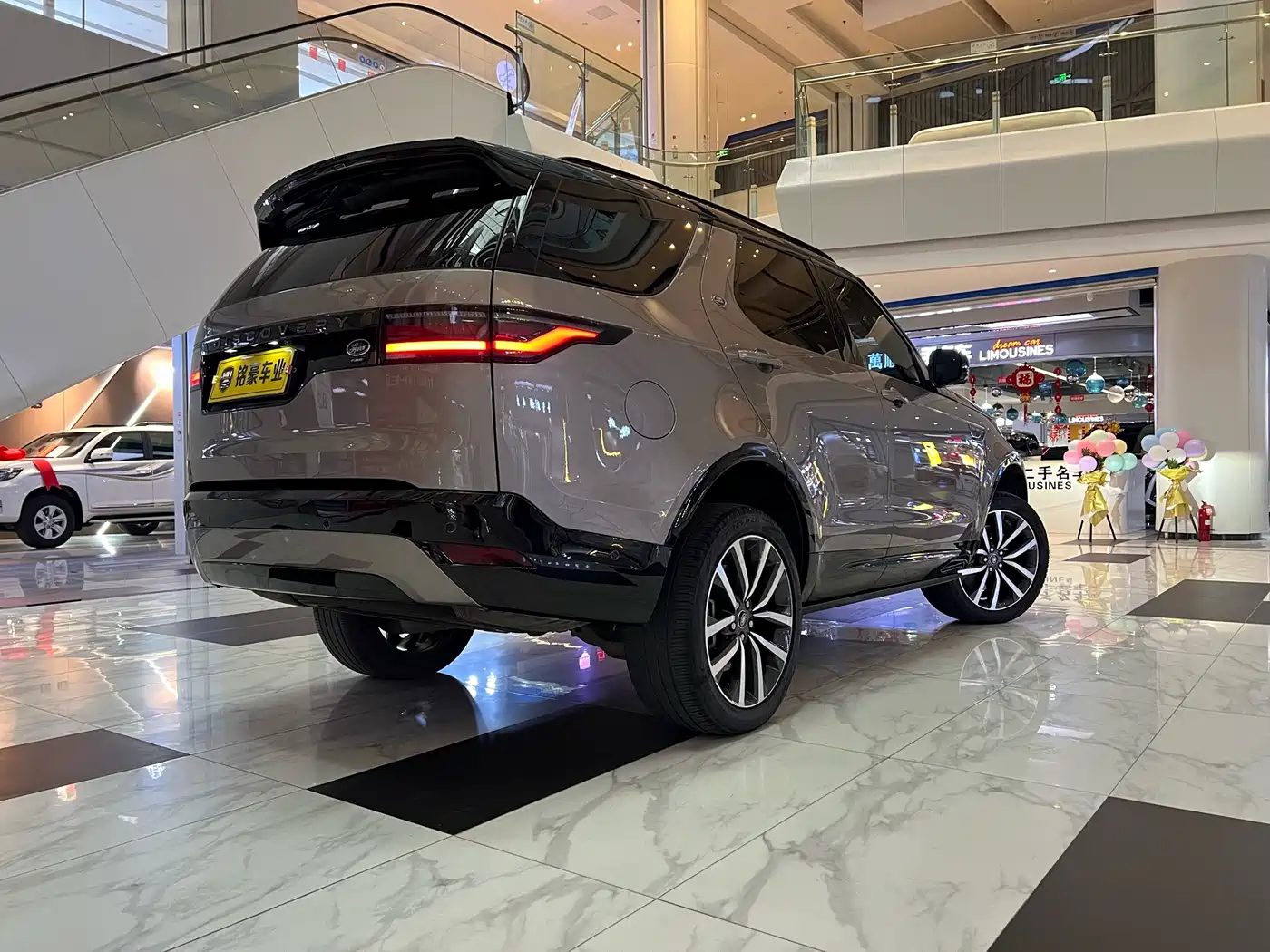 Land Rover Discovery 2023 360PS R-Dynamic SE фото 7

+ + +

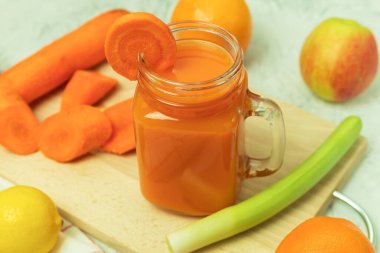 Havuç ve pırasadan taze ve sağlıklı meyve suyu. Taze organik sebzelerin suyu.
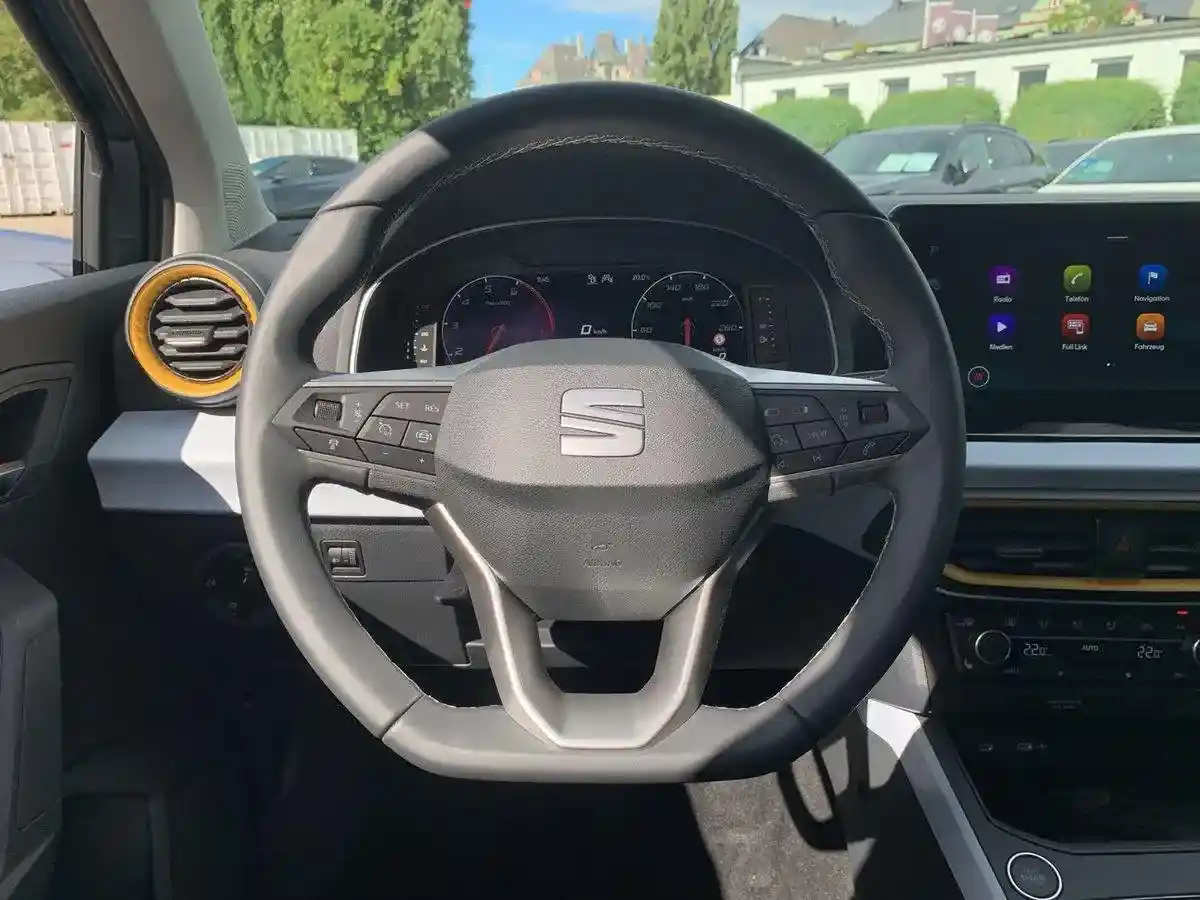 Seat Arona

+ + +

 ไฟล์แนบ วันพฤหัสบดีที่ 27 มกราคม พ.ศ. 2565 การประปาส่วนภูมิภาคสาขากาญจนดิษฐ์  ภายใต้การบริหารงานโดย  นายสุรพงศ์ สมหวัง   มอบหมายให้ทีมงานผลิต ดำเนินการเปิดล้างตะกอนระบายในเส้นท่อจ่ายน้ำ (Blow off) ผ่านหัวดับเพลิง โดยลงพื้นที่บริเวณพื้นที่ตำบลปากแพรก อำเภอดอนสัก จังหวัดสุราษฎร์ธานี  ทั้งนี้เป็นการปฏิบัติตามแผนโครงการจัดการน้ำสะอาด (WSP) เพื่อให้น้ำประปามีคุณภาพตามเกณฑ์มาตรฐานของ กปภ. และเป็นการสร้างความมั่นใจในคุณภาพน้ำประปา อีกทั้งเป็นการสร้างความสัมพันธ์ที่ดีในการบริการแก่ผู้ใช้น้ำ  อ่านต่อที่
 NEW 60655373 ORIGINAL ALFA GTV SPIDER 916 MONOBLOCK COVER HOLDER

+ + +

▶ Assignment: The lines above from the one containing "ไฟล์แนบ วันพฤหัสบดีที่ 27" through the one containing "NEW 60655373 ORIGINAL" are to be set down exactly, and no others.

▶ Result of this task:
 ไฟล์แนบ วันพฤหัสบดีที่ 27 มกราคม พ.ศ. 2565 การประปาส่วนภูมิภาคสาขากาญจนดิษฐ์  ภายใต้การบริหารงานโดย  นายสุรพงศ์ สมหวัง   มอบหมายให้ทีมงานผลิต ดำเนินการเปิดล้างตะกอนระบายในเส้นท่อจ่ายน้ำ (Blow off) ผ่านหัวดับเพลิง โดยลงพื้นที่บริเวณพื้นที่ตำบลปากแพรก อำเภอดอนสัก จังหวัดสุราษฎร์ธานี  ทั้งนี้เป็นการปฏิบัติตามแผนโครงการจัดการน้ำสะอาด (WSP) เพื่อให้น้ำประปามีคุณภาพตามเกณฑ์มาตรฐานของ กปภ. และเป็นการสร้างความมั่นใจในคุณภาพน้ำประปา อีกทั้งเป็นการสร้างความสัมพันธ์ที่ดีในการบริการแก่ผู้ใช้น้ำ  อ่านต่อที่
 NEW 60655373 ORIGINAL ALFA GTV SPIDER 916 MONOBLOCK COVER HOLDER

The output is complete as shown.